• _DATA FOR THIS EXERCISE_
--- START ---

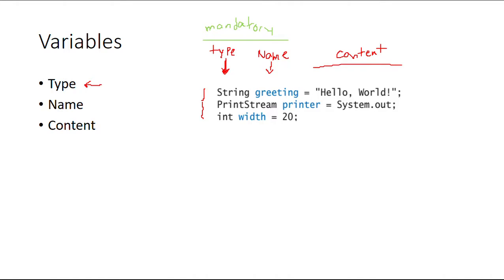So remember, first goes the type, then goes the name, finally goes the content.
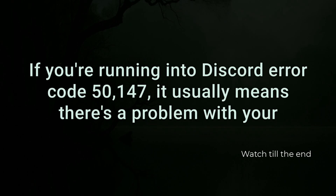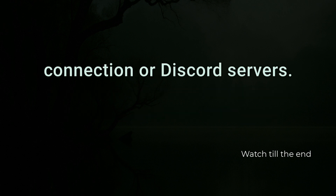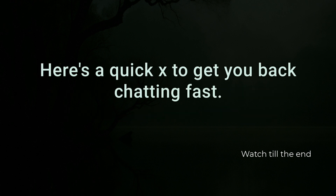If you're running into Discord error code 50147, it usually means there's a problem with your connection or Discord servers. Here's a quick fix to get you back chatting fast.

--- END ---
--- START ---

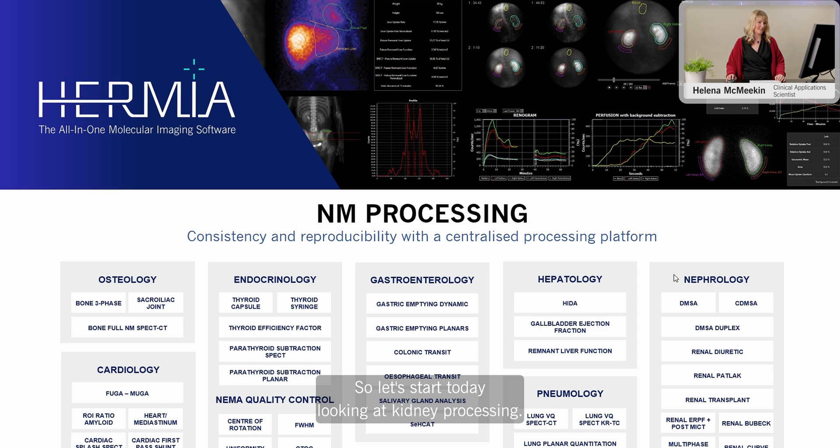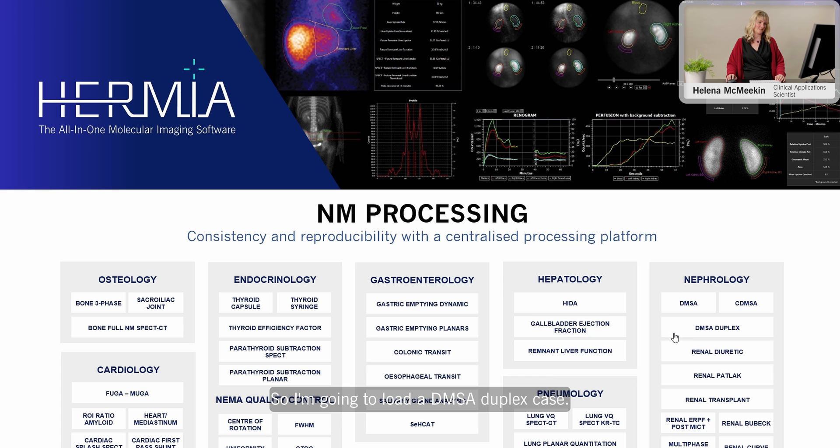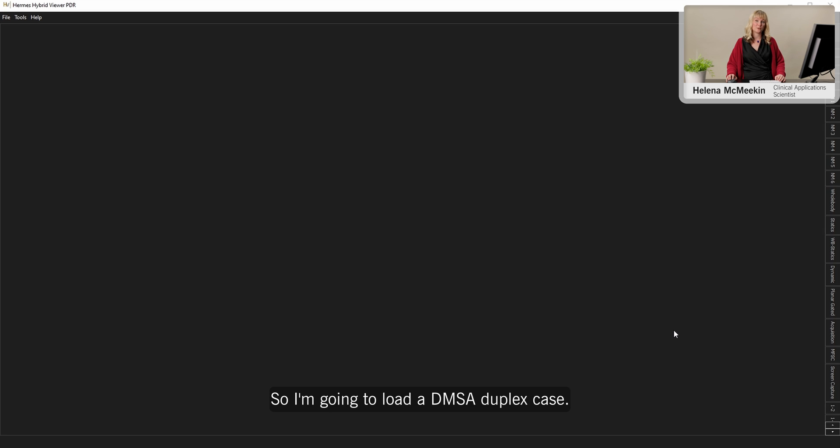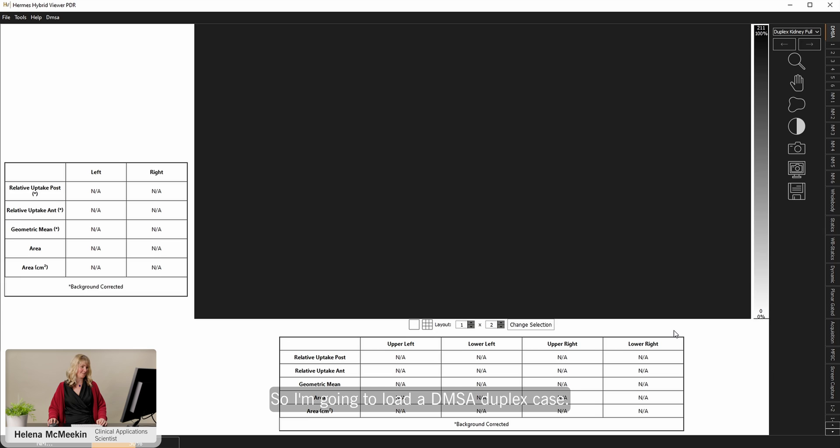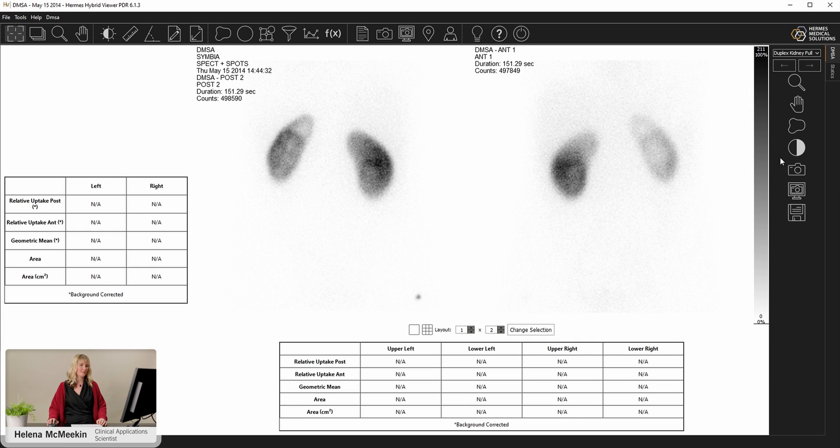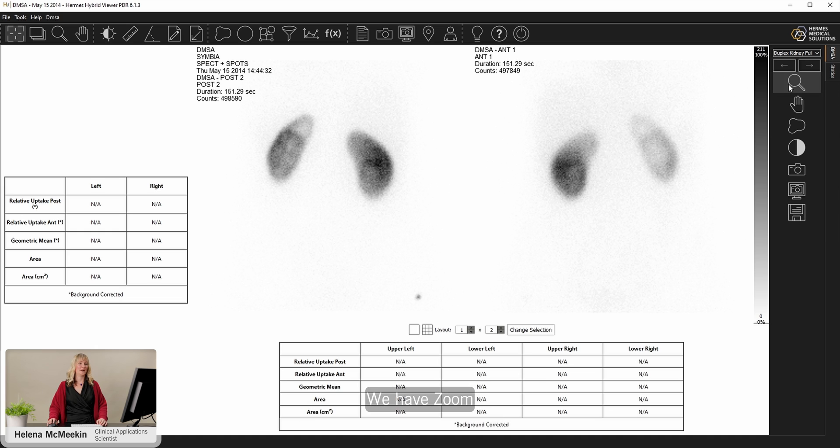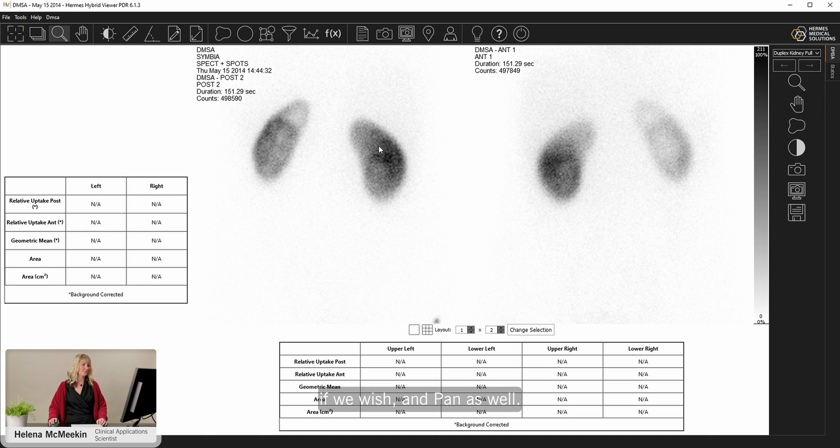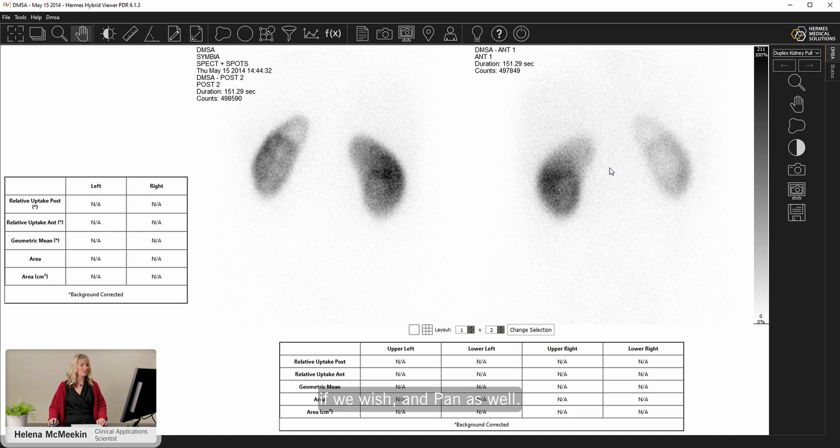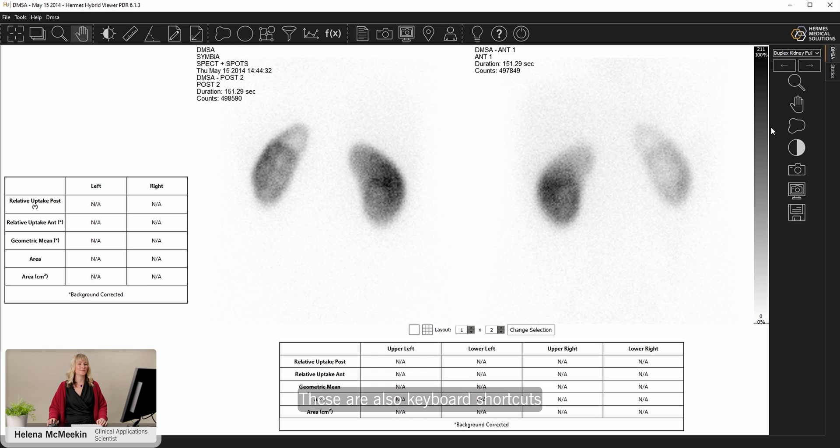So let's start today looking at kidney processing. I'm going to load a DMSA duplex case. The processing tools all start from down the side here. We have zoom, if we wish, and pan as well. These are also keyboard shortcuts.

--- END ---

For the entries above, print exactly the lines between the one with "So remember, first" and the one with "If you're running", inclusive, with no pictures.

So remember, first goes the type, then goes the name, finally goes the content.
If you're running into Discord error code 50147, it usually means there's a problem with your connection or Discord servers. Here's a quick fix to get you back chatting fast.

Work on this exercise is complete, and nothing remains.